For complex datasets, interpret_hierarchical() mimics the human thought process of annotating major lineages first (e.g., Myeloid) and then subtypes (e.g., M1 Macrophage). It enforces lineage constraints to prevent impossible annotations (e.g., a T cell subtype appearing within a Myeloid cluster).

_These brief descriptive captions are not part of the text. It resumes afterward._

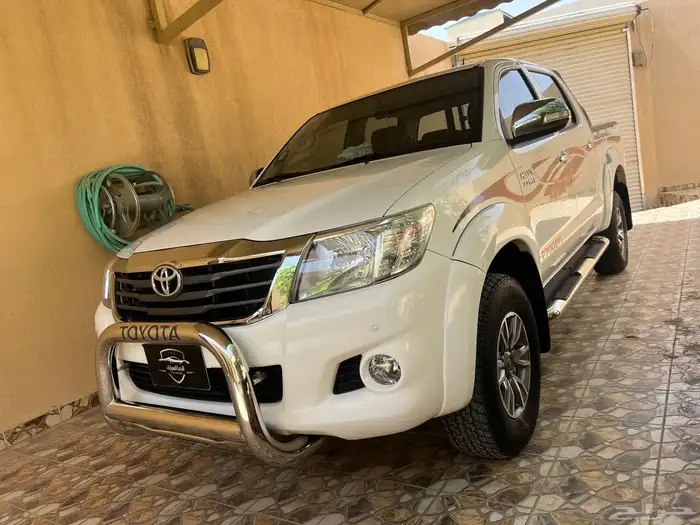 هايلوكس دبل غمارتين المديل 2015 قير تماتيك سعودي 0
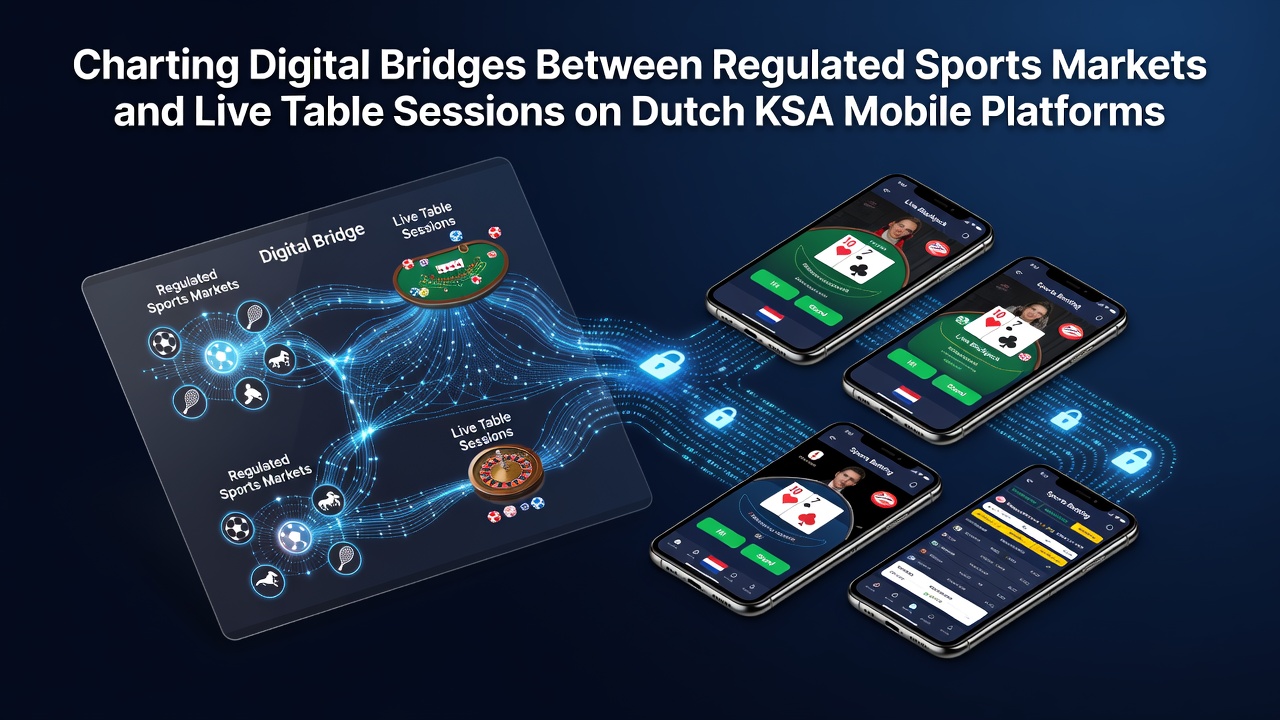 Digitale integratie van sportweddenschappen en live dealer sessies op Nederlandse KSA mobiele apps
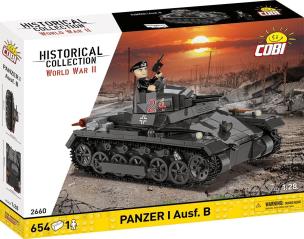 Panzerkampfwagen I France 1940. Wydawca: Cobi. Multiszop.pl Opakowanie Panzerkampfwagen I France 1940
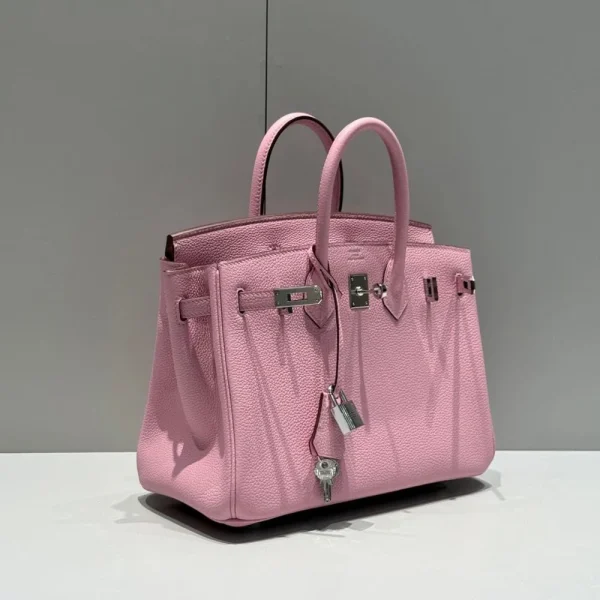 img_43e90bff_20250119_i1737288676864_4387_0_0_jpg-84ecf84acfa3.webp Hermes Birkin 25Cm Baby Pink Togo Leather Silver Hardware 237506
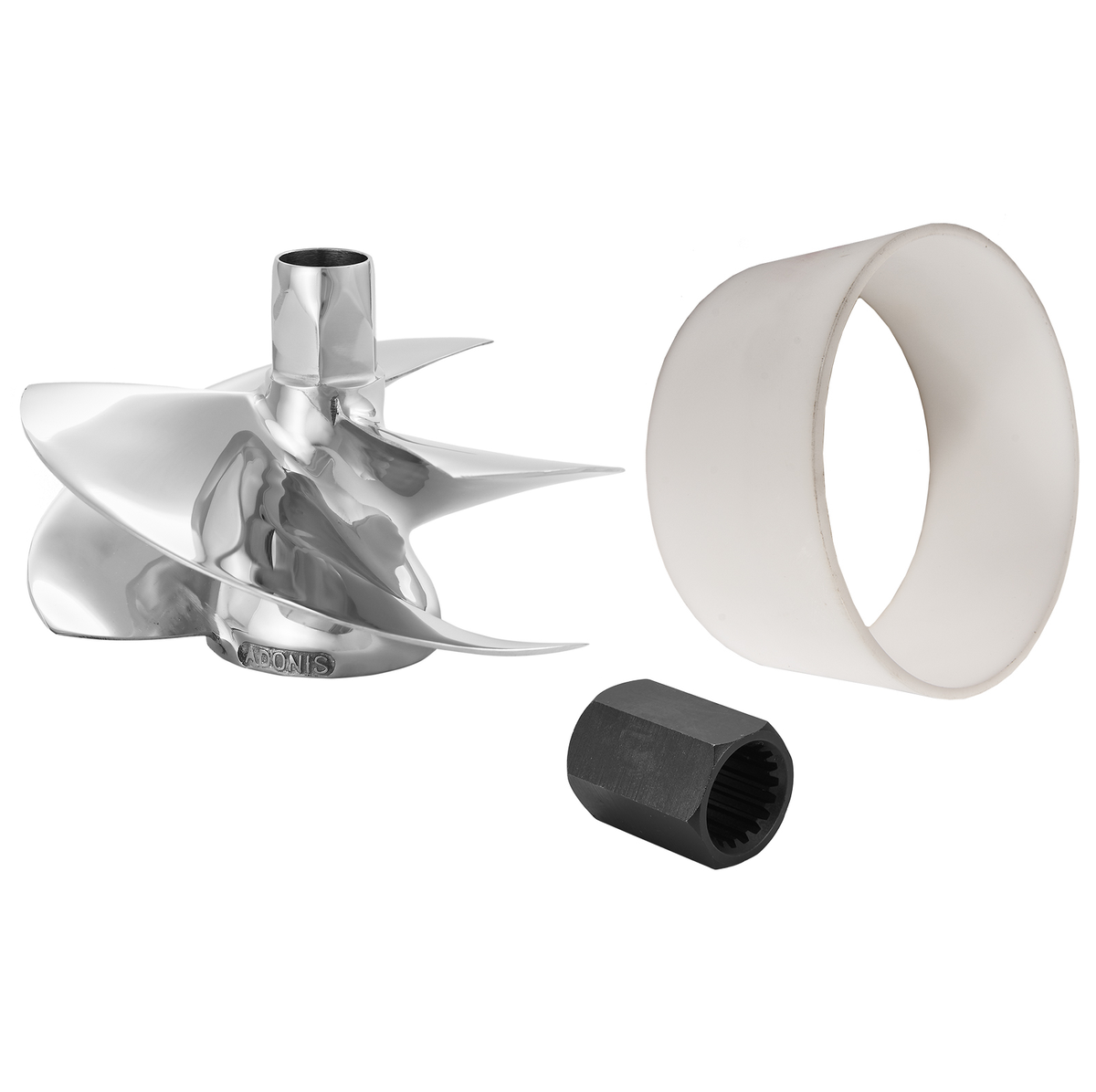 ADONIS Impeller kit 12/18 Fits Yamaha FX140/Cruiser XLT/SUV 1200 + 1999-2008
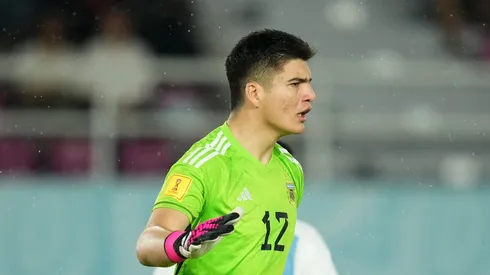 El arquero demostró su gran fortaleza mental.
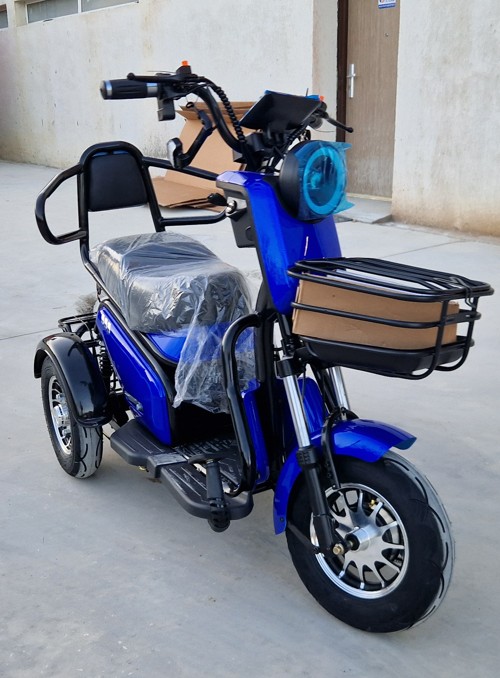 Електрическа Триколка Hoverdream Pudding Синя - Image 3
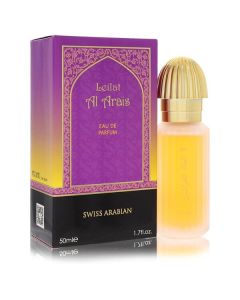 Swiss Arabian Leilat Al Arais Eau De Parfum 1.7 oz - A Scent of Adventure for Men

This approach is also highly applicable to Single-cell Trajectory Inference. Developmental processes inherently follow a hierarchical structure (e.g., Stem Cell -> Progenitor -> Terminally Differentiated Cell). By utilizing this hierarchical relationship, interpret_hierarchical() can provide context-aware interpretations that respect the biological differentiation path, ensuring that downstream states are interpreted within the context of their upstream progenitors.

#| eval: false
# Mapping between minor and major clusters
cluster_mapping <- c(
  "SubCluster1_1" = "MajorCluster1", 
  "SubCluster1_2" = "MajorCluster1",
  "SubCluster2_1" = "MajorCluster2"
)

# Hierarchical interpretation
res_hier <- interpret_hierarchical(
    x_minor = enrich_minor, 
    x_major = enrich_major, 
    mapping = cluster_mapping
)

15.5 Gene-Based Fallback Mode

In real-world research, enrichment analysis sometimes fails to return significant pathways due to small gene sets or background noise.

clusterProfiler introduces a Gene-Based Fallback Mode. When no enriched pathways are found, the agent does not simply error out. Instead, it: 1. Directly analyzes the function of the input genes. 2. Retrieves PPI networks for these genes. 3. Infers biological function based on gene connectivity and function, providing a “Medium Confidence” report instead of an empty result.

#| eval: false
# When enrichment fails, this still works
res <- interpret_agent(tough_genes, add_ppi = TRUE)

15.6 Visualization: From Story to Figure

Text reports are great, but graphical representations are often preferred for presentations. The plot() method for interpretation results uses ggtangle (a grammar of graphics for networks) to visualize the AI-inferred regulatory network.

The resulting plot highlights: * Key Drivers: Central nodes identified by the AI. * Activation (Green) / Inhibition (Red): Regulatory relationships inferred from data. * Interactions (Grey): Physical associations.

#| eval: false
# Visualize the interpretation result
plot(res)

This feature creates a closed loop: from Enrichment (Statistics) to Interpretation (Insight) and finally to Visualization (Communication).